During the inaugural search conference for the project ‘European Universities - Critical Futures’, we heard stories pointing to tensions between academics and administration. These are echoed in recent literature (see Amelia Veiga's research on the erosion of academic power in Portuguese universities).
With this initiative we are trying to understand how the positions held by faculty and administrators in the university ecosystem have changed, and why this change has happened. Have these changes led to shifts in who effectively runs the institution?
In particular, we are focusing on how the introduction of new technologies for managing, marketing and ranking universities has led to a growth in administrative tasks for both academics and administrators. By new technologies, we are referring to, for example, research evaluation mechanisms, student management platforms (VLEs), marketisation (e.g. commercial conference management); education evaluation systems; competitive research funding.
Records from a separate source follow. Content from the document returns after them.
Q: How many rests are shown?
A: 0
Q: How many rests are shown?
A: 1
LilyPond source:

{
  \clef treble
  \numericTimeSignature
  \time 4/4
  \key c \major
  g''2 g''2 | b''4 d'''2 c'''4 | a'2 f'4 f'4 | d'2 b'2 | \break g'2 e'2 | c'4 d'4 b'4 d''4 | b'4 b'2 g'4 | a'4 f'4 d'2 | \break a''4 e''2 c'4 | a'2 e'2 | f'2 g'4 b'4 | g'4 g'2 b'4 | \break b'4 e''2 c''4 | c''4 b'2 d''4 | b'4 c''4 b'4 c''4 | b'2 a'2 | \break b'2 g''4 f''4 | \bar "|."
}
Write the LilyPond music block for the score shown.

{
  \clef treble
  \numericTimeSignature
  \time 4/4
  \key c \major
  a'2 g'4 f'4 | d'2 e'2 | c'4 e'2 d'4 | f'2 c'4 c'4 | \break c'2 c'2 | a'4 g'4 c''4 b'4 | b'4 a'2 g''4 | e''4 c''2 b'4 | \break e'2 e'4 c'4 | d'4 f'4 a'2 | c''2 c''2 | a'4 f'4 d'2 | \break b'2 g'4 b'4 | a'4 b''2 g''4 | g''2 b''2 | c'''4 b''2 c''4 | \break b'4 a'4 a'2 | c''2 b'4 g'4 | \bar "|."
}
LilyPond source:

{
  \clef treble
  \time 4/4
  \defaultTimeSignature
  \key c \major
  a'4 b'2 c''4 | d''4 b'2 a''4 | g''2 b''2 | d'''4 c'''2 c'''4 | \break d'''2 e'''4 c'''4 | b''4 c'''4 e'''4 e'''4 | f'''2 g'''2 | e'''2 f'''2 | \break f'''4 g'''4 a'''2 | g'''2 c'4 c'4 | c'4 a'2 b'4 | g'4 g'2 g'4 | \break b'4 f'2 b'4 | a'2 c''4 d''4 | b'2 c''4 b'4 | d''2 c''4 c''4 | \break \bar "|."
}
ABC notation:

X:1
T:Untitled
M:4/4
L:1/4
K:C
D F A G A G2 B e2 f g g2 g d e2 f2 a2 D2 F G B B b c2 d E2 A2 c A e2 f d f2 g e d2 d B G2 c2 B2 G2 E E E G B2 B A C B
Each of these technologies has to be administered, often by a new kind of professional administrator who has to forge new, or revise old, relationships with academics, whose own sense of professionalism may be affected in the process.
Our aim is to collect case studies to explore new relations between academics and administrators and in particular to find examples where personal, professional or systematic ways of developing productive working relations have been found or where tensions had been resolved.
We are therefore looking for colleagues interested in investigating a case study in their institutions with the understanding that these case studies will be analysed to see whether any systematic patterns emerge about an evolving power dynamic in European universities.